• [PROBLEM TO WORK ON] Of all the entries below, retype only the lines from the one with "Woman Elastic Waistband" through the one with "Topy Ciuchy Moda", exactly as they appear.

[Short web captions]
━━━

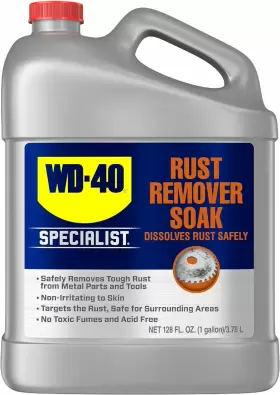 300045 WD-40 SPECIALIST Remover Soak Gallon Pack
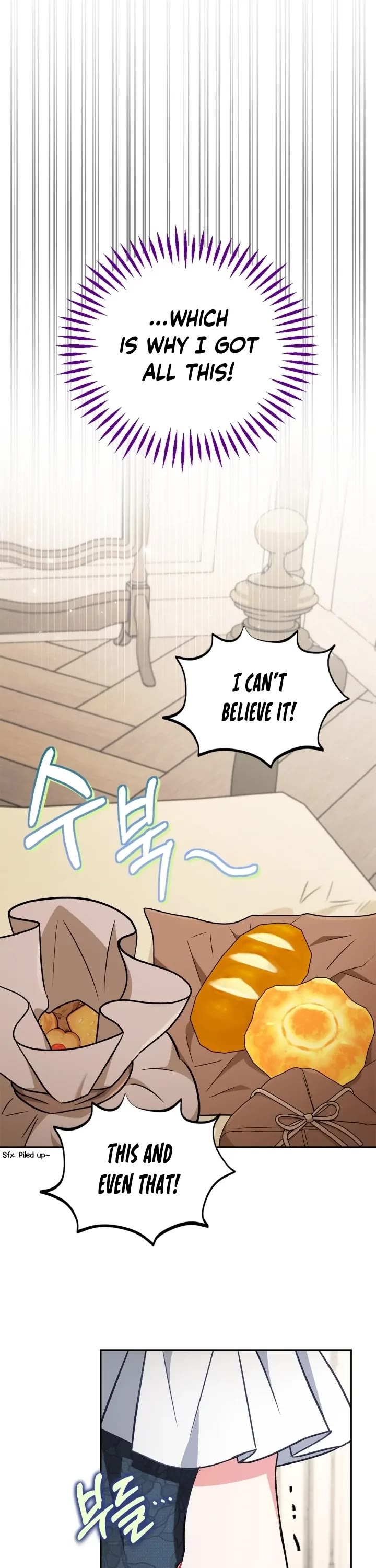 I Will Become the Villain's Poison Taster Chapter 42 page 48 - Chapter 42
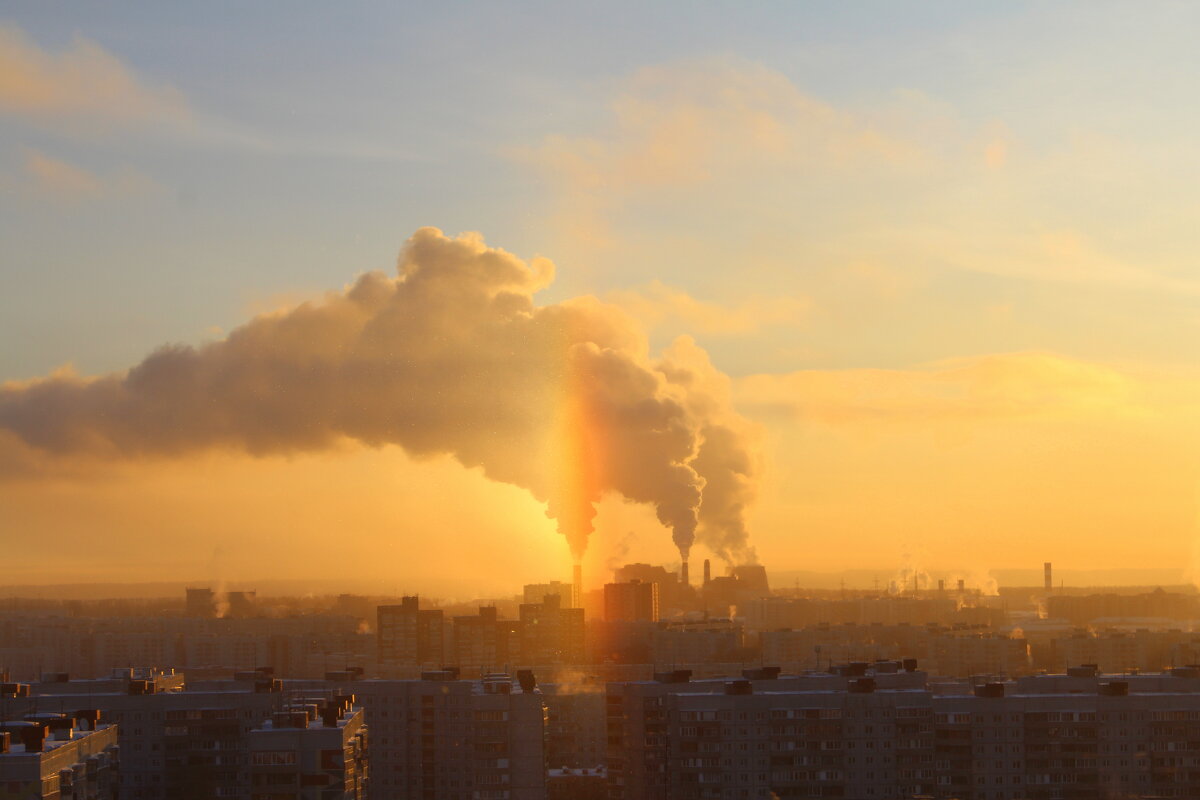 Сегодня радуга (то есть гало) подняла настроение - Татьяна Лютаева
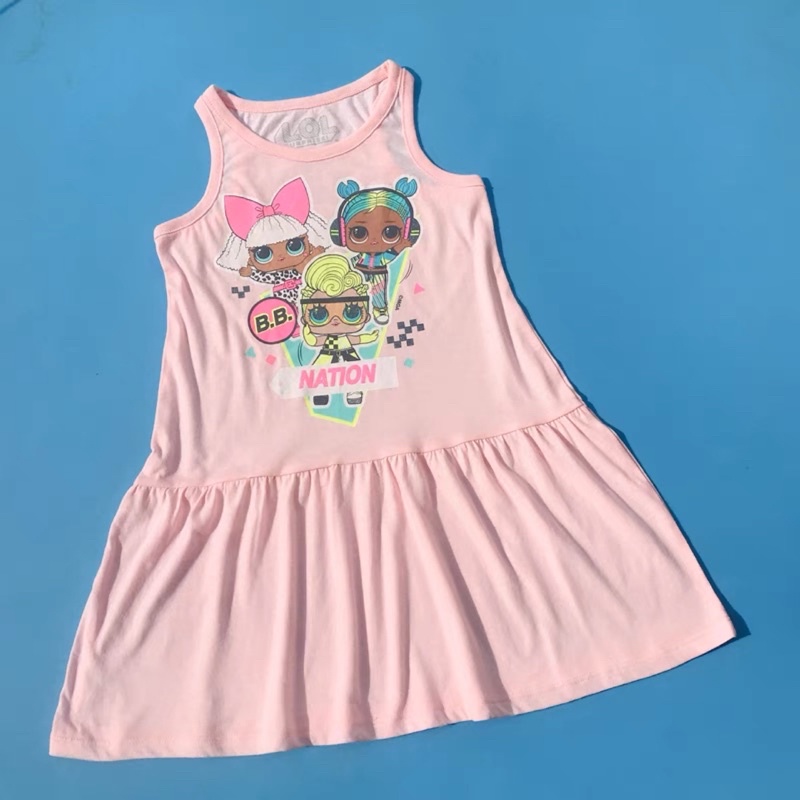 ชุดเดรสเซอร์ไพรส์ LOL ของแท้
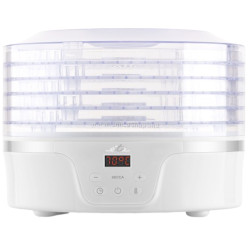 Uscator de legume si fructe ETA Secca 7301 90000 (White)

━━━

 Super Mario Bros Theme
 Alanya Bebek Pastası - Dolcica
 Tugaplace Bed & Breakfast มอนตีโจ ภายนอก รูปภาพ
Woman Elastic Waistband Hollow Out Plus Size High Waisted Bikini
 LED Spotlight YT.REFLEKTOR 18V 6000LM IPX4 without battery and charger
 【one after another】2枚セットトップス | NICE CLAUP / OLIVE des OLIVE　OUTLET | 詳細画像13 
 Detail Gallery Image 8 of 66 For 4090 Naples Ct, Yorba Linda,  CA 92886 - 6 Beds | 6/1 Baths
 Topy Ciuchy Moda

━━━

• [YOUR SOLUTION]
Woman Elastic Waistband Hollow Out Plus Size High Waisted Bikini
 LED Spotlight YT.REFLEKTOR 18V 6000LM IPX4 without battery and charger
 【one after another】2枚セットトップス | NICE CLAUP / OLIVE des OLIVE　OUTLET | 詳細画像13 
 Detail Gallery Image 8 of 66 For 4090 Naples Ct, Yorba Linda,  CA 92886 - 6 Beds | 6/1 Baths
 Topy Ciuchy Moda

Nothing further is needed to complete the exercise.